Comparative Evaluation of Rule-Based, SVM, CRF and BiLSTM Models for Gujarati Part-of-Speech Tagging Using an Art and Culture Corpus
Contributors
Dr. Pooja Bhatt
Pawan Wing
Keywords
Proceeding
Track
General Track
License
Copyright (c) 2026 Sustainable Global Societies Initiative

This work is licensed under a Creative Commons Attribution-NonCommercial-NoDerivatives 4.0 International License.
Abstract
Part-of-Speech (POS) tagging is a fundamental Natural Language Processing (NLP) task that assigns grammatical categories to words in a sentence. Gujarati, being a low-resource language, has limited benchmark datasets and standardized evaluation frameworks. This study presents a comparative analysis of Rule-Based, Support Vector Machine (SVM), Conditional Random Fields (CRF), and Bidirectional Long Short-Term Memory (BiLSTM) models for Gujarati POS tagging using an Art and Culture corpus containing approximately 20,000 manually annotated tokens based on BIS tag standards.

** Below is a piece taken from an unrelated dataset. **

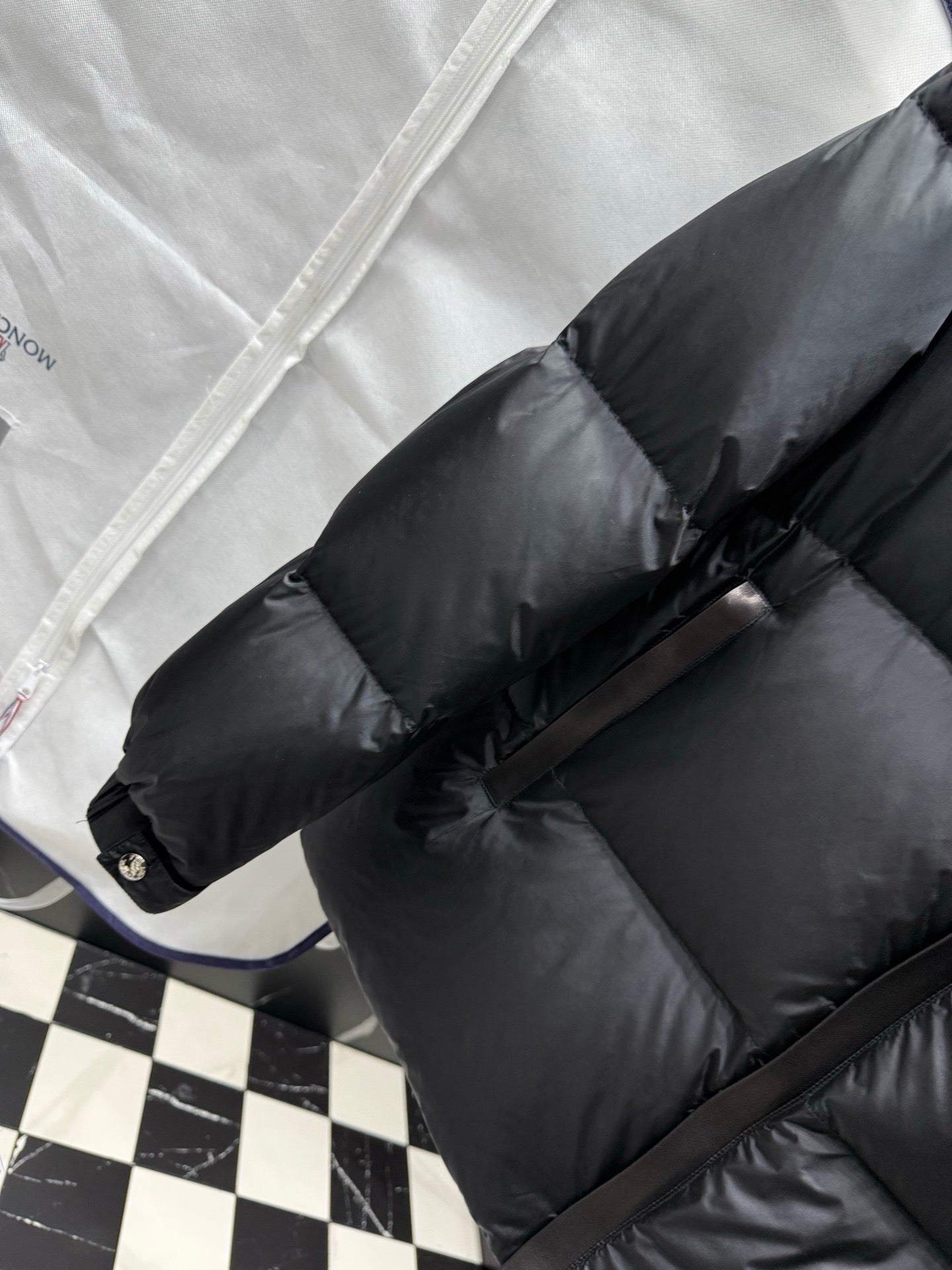 Black and Green Jacket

A unified experimental framework is employed to ensure fair comparison across all models. The results show that BiLSTM achieved the highest accuracy of 96.7%, followed by CRF (94.2%), SVM (91.5%), and the Rule-Based approach (79.1%). The study demonstrates that deep learning models provide superior contextual understanding, while CRF remains an effective choice for low-resource Gujarati POS tagging.